I want to take a moment to get away from the my battle with quitting smoking to talk about something that you wont hear me admit very often. For the past couple of weeks I have been having a recurring dream, and I'm not quite sure what sort of message I am supposed to take from it, but one thing is true, I want to be a father.
They have been some of the happiest dreams I've had in a while. They are always the same but not. In each dream, I have a young son, and in each dream we are always doing the normal things a father and son would do. Playing and laughing, happiness had by all. Amongst my son's laughs and giggles I hear him say my name "Doey!" because as he hasn't been speaking long, can pronounce every letter correctly. It's always just me and him, in each of my dreams, without a fear in the world, enjoying every moment as it comes.

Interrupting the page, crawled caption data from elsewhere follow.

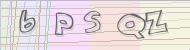 Recopiez le code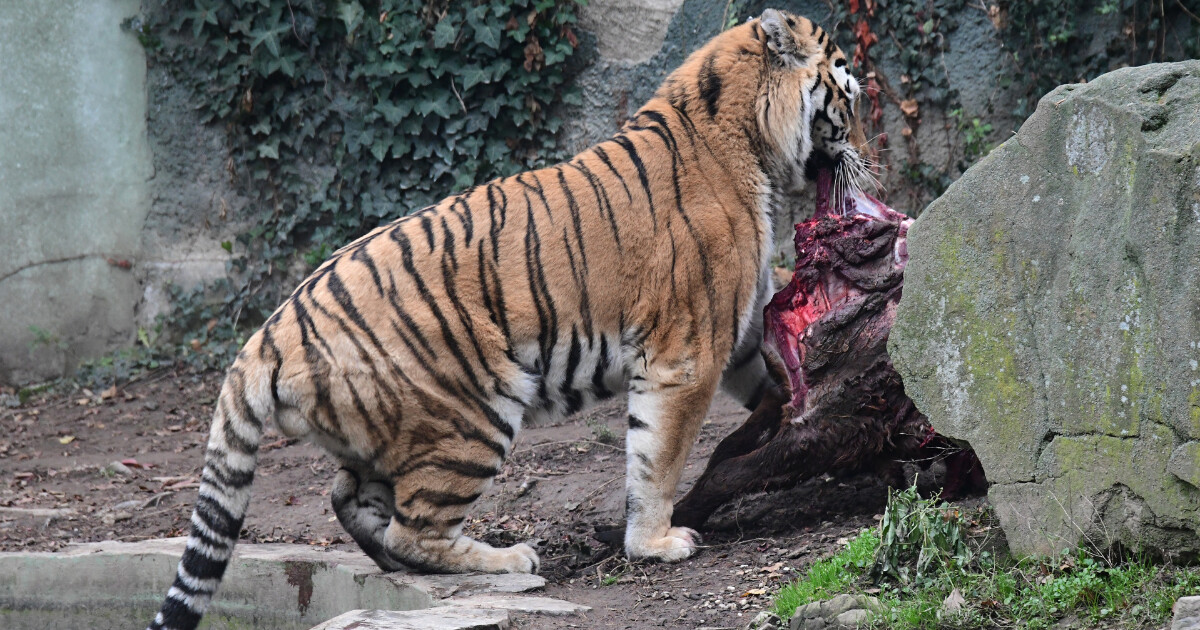 zdroj: Zoo Olomouc
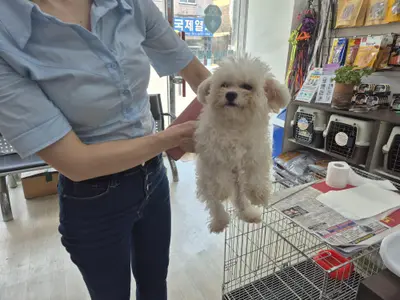 믹스견 - 강아지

There is nothing more I want in the world than to have a son, maybe except to be able to ensure his safety and happiness. Which is why I feel like I never can have a son of my own. I would give anything for the chance to adopt a child and give him a home, or even to have one of my own by some process, but will I be able to keep him from having a hard life? Whether I have a partner or not, regardless, hes going to have a gay father, if not two. I don't want him to have to deal with hardships like the torment he could take from others for who his father is, but I also wouldn't want him to have to lie to his friends or never be able to bring anyone around.
I might be wrong, as acceptance is growing and life is becoming easier for people who are different, but time will only tell. I can't help but long for a child of my own. Boy or girl, my child will be loved and always have someone around.